I seriously believe that the only real new breakthrough for LLM research can be achieved by a clean, trustworthy, comprehensive search index. Maybe someone will build that? Otherwise we’re stuck with subpar results indefinitely.

embedding-shape|1 month ago

YaCy does a pretty good job, and is free, and you can run yourself, so the quality/experience is pretty much up to you. Paired together with a local GPT-OSS-120b with reasoning_effort set to high, I'm getting pretty good results. Validated with questions I do know the answer to, and seems alright although could be better of course, still getting better results out of GPT5.2 Pro which I guess is to be expected.

josecodea|1 month ago

> state it as confidently incorrect

It's funny for me to read this. They don't exhibit "confidence". You are just getting the most accurate text that it can produce. Of course, the training data doesn't contain "I don't know" for questions, that would be really bad training data! If you are getting "attitudes", it would be because you are triggering some kind of dialogue-esque data with your prompts (or the system prompt might be doing that).

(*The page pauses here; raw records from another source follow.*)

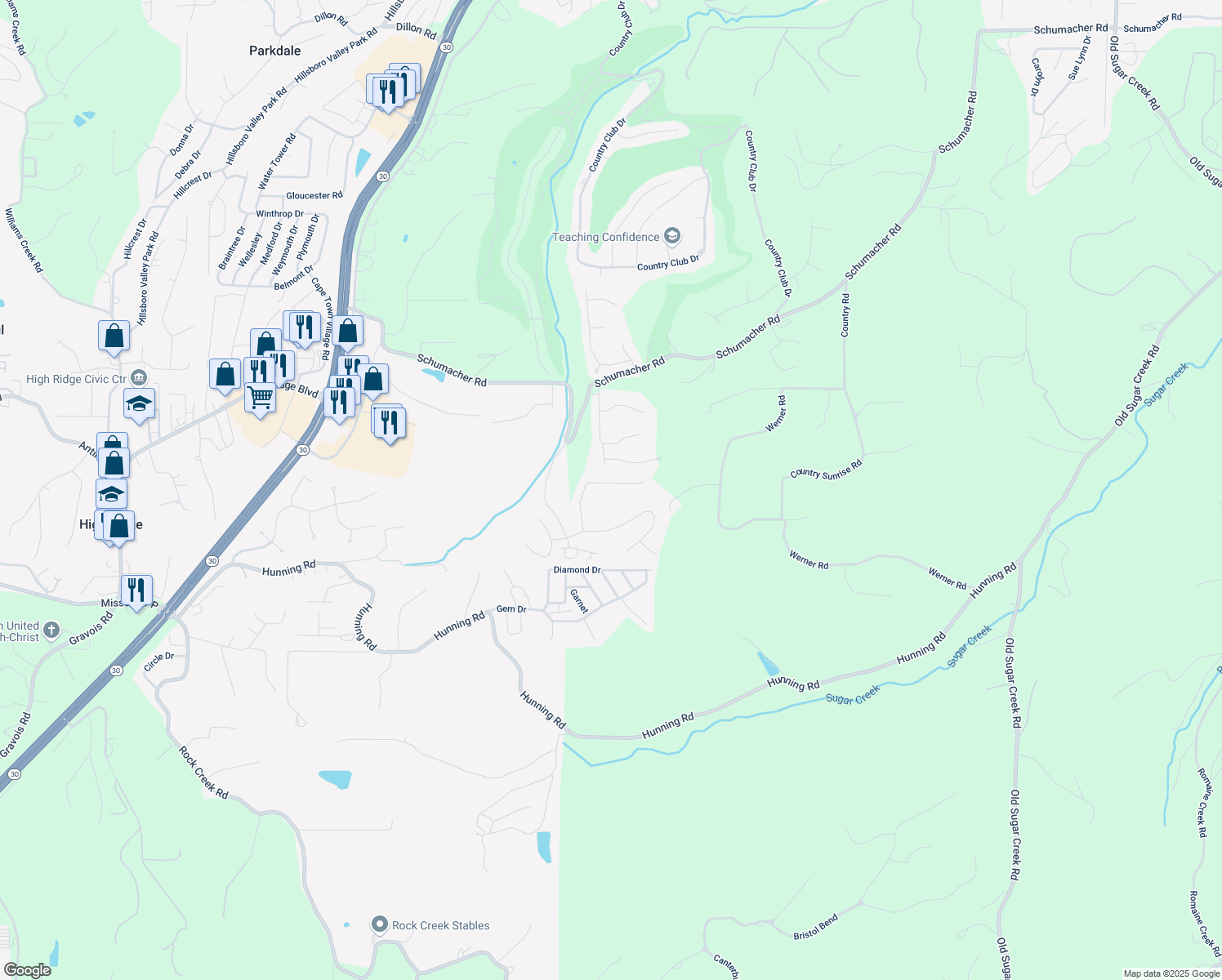 map of restaurants, bars, coffee shops, grocery stores, and more near 5424 Gravois Road in House Springs
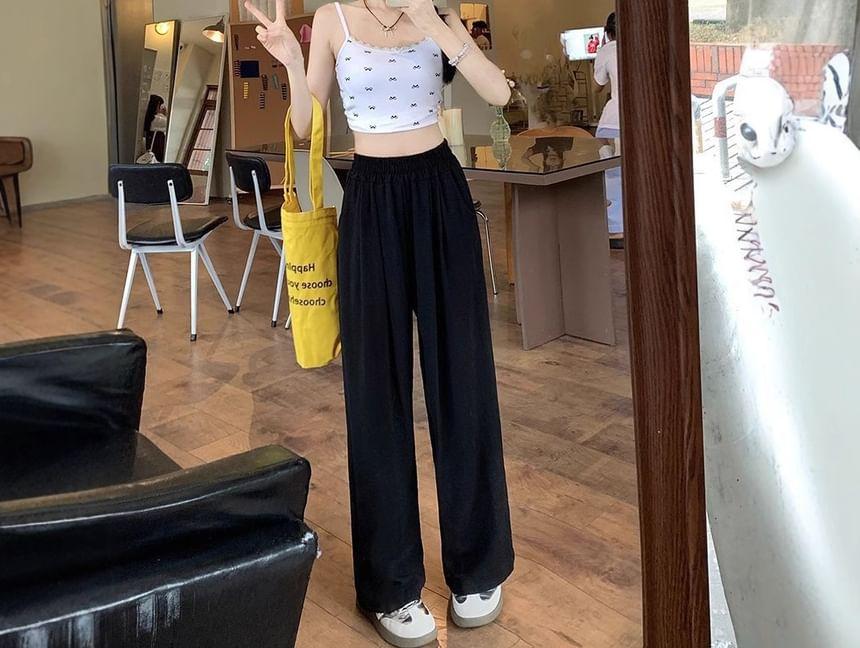 High Waist Plain Wide Leg Pants Product Image
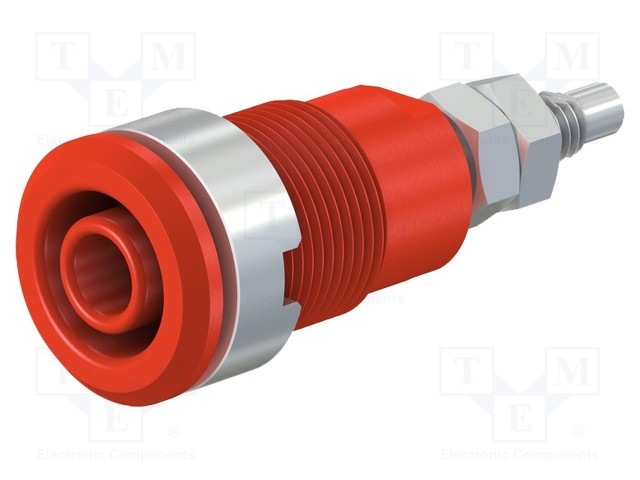 Socket; 4mm banana; 32A; 1kV; Cutout: Ø12.2mm; red; nickel plated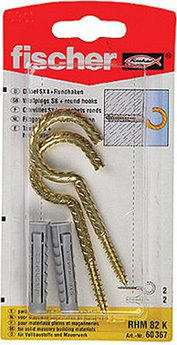 Fischer 6X30Mm +2 Yuvarlak Kanca Pirinç Kaplı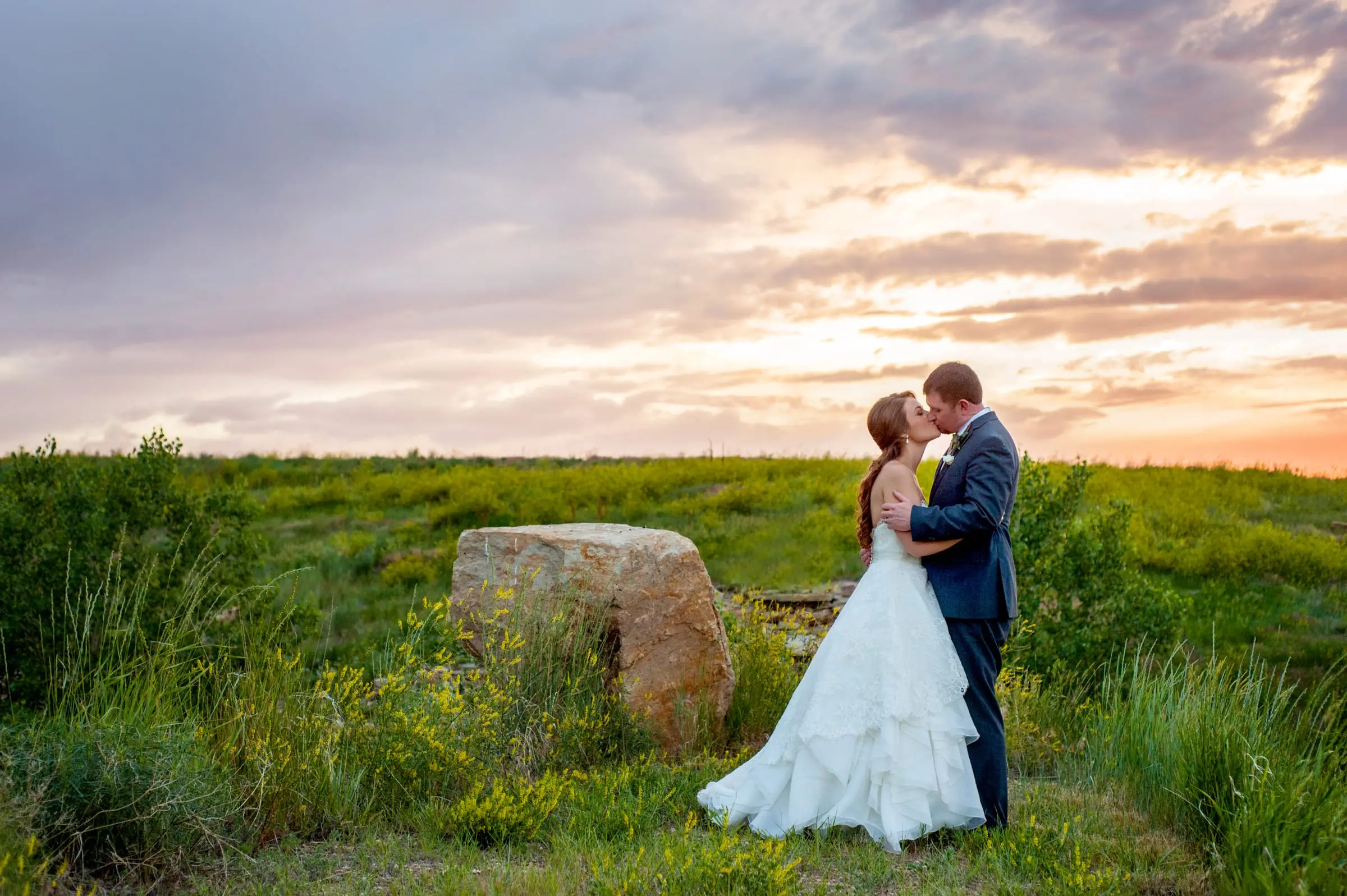 Couple at sunset on the prairie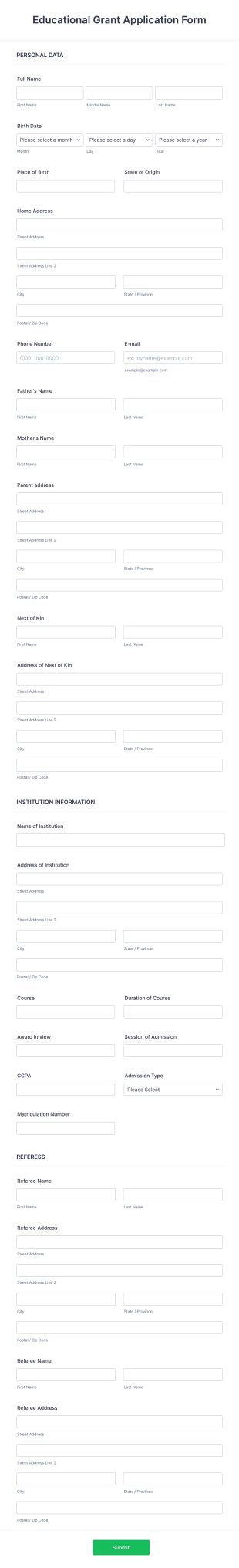 Educational Grant Application Form Template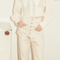 CUT OUT CHAPS PANTS(WHITE)
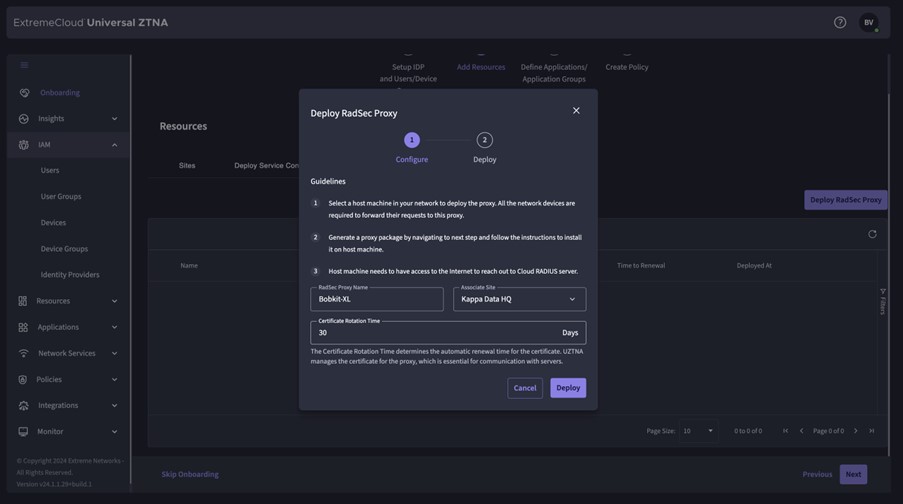 Extreme Universal ZTNA deployment Radsec command Proxy on Linux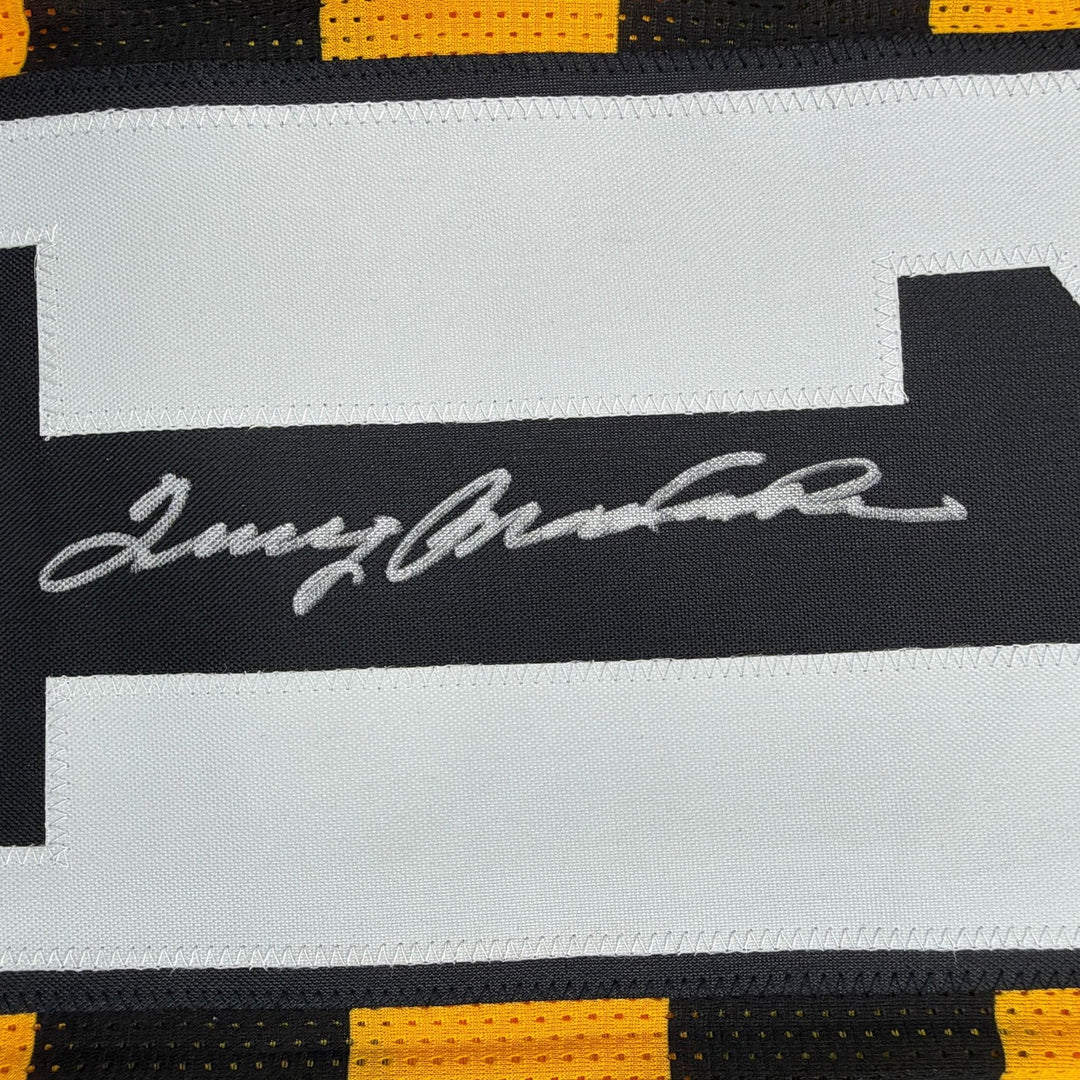 Autographed/Signed Terry Bradshaw Pittsburgh Bumble Bee Jersey Beckett COA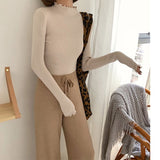 Neploe 2020 Fall Winter Ruffles Sweater Turtleneck Ruched Women Sweaters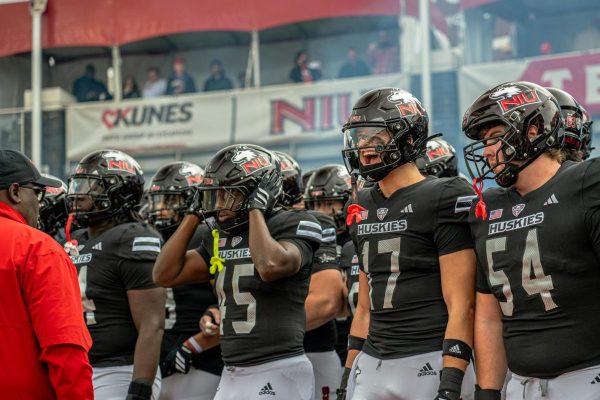 NIU football redshirt sophomore linebacker Filip Maciorowski (17) lets out a yell while NIU lines up in the north end zone before taking the field to face Ball State University. Sports Reporter Logan Whittington shares his three greatest takeaways from NIU’s 21-7 win over the Cardinals on Saturday. (Northern Star file photo)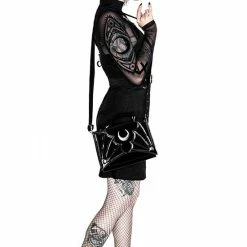 Restyle Dresses Black Gothic Mesh Moon Studded Suspender Corduroy Dress -Restyle sale Shop black gothic mesh moon studded suspender corduroy dress rebelsmarket 4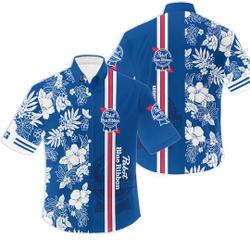 Personalized Tropical Hibiscus Pabst Blue Ribbon Hawaii Shirt Gift For Your Girlfriend Boyfriend Gift For Love Gift For Friend Best Valentine Present Holiday Gift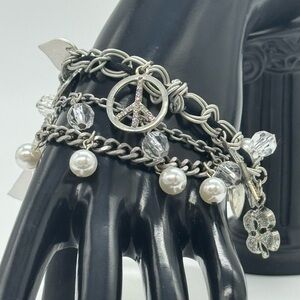 Aeropostale Silver Gunmetal Tone multi Strand Charm Bracelet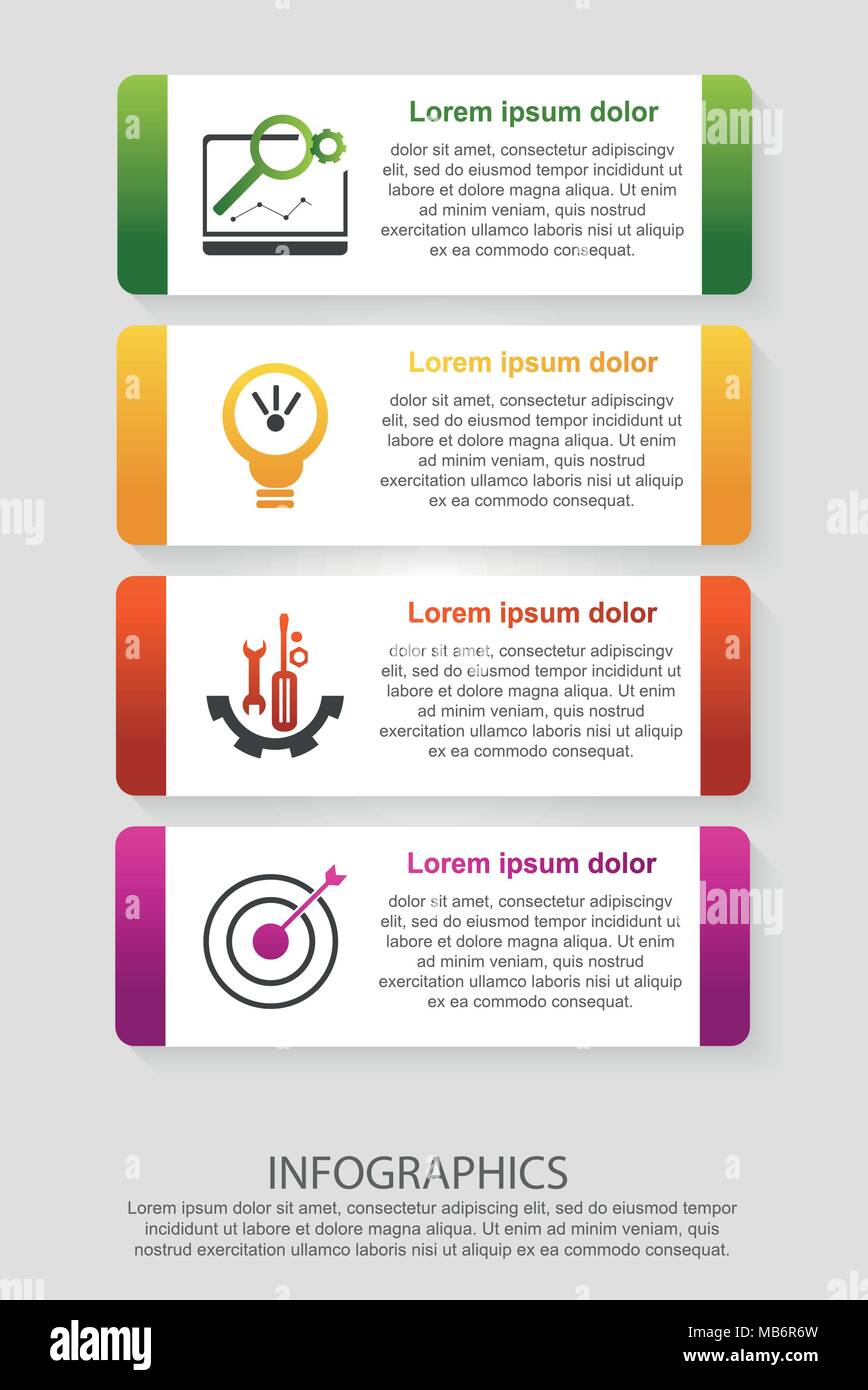 Modern vector illustration 3D. An infographic template with four steps ...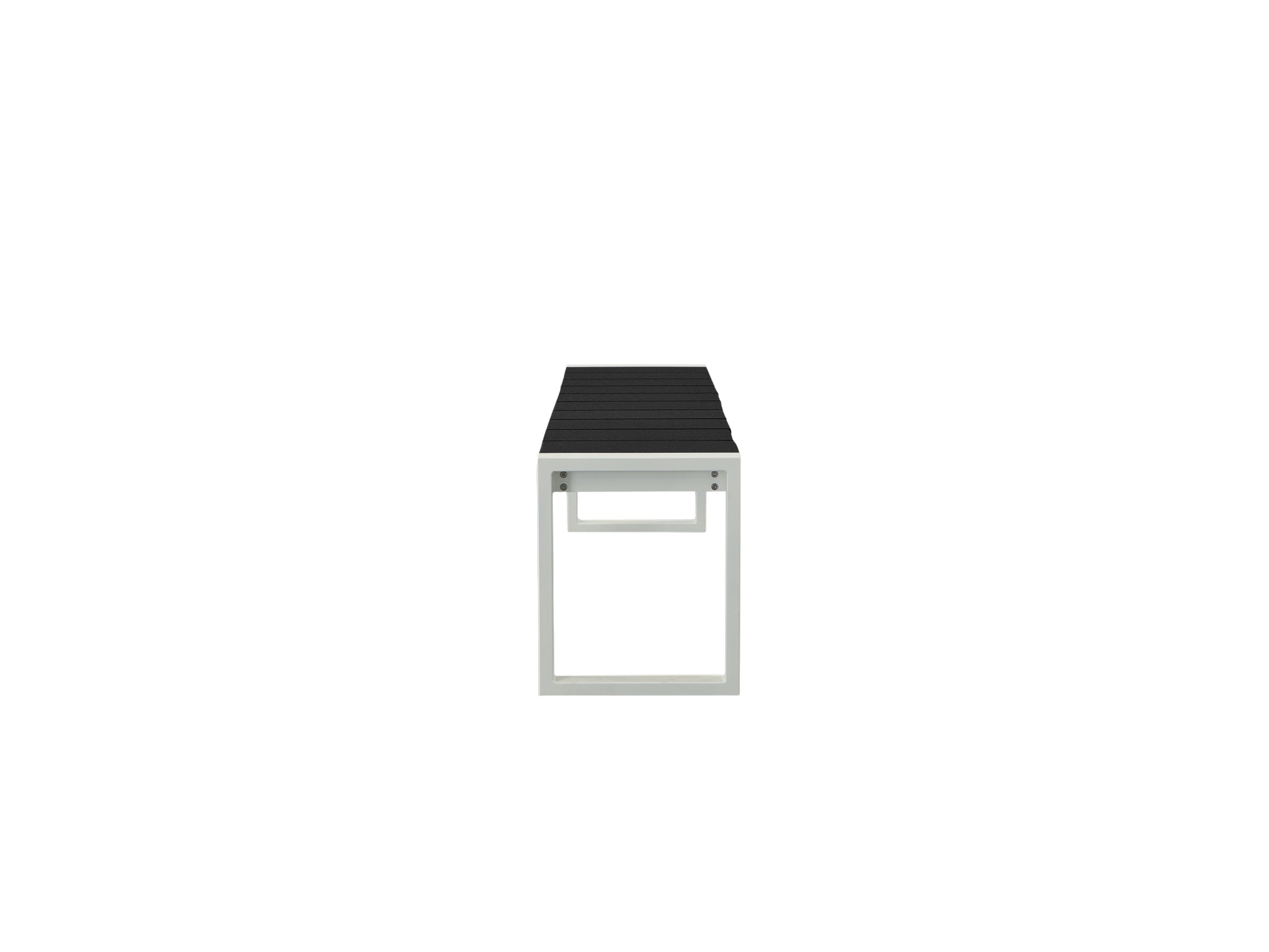 Half - Side of Black Park City Bench with white frame on blank background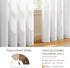 Melodieux White Semi Sheer Curtains, 63 Inch Length for Bedroom Living Room, 2 Panels, Light Filtering Drapes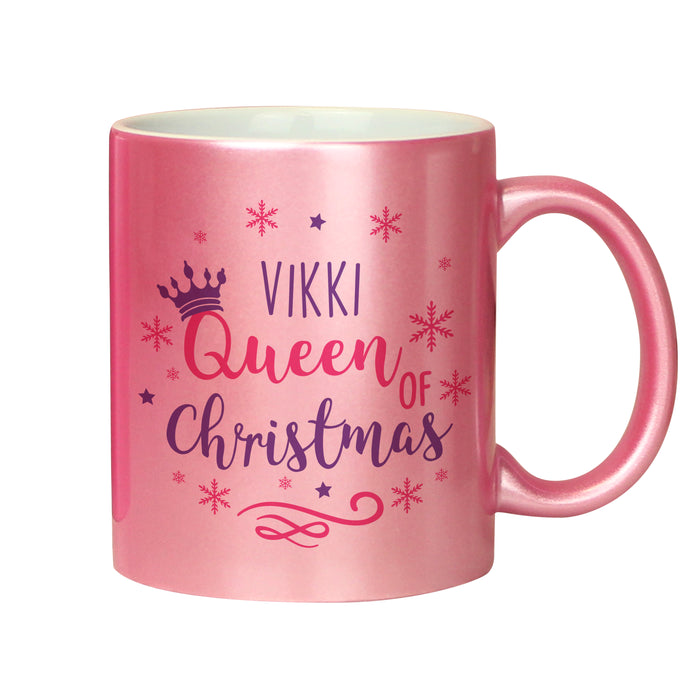 Personalised Queen Of Christmas Pink Mug - The Gift Cabin UK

Expecting the LLM to say "sorry I don't know" would be like expecting google search to return "we found some pages but deemed them wrong, so we won't show you any".

samuell|1 month ago

Did you try https://elicit.org ?

I have been impressed by its results.

I think this fact stems more from its initial search phase than its pure LLM processing power, but to me it seems the approach works really well.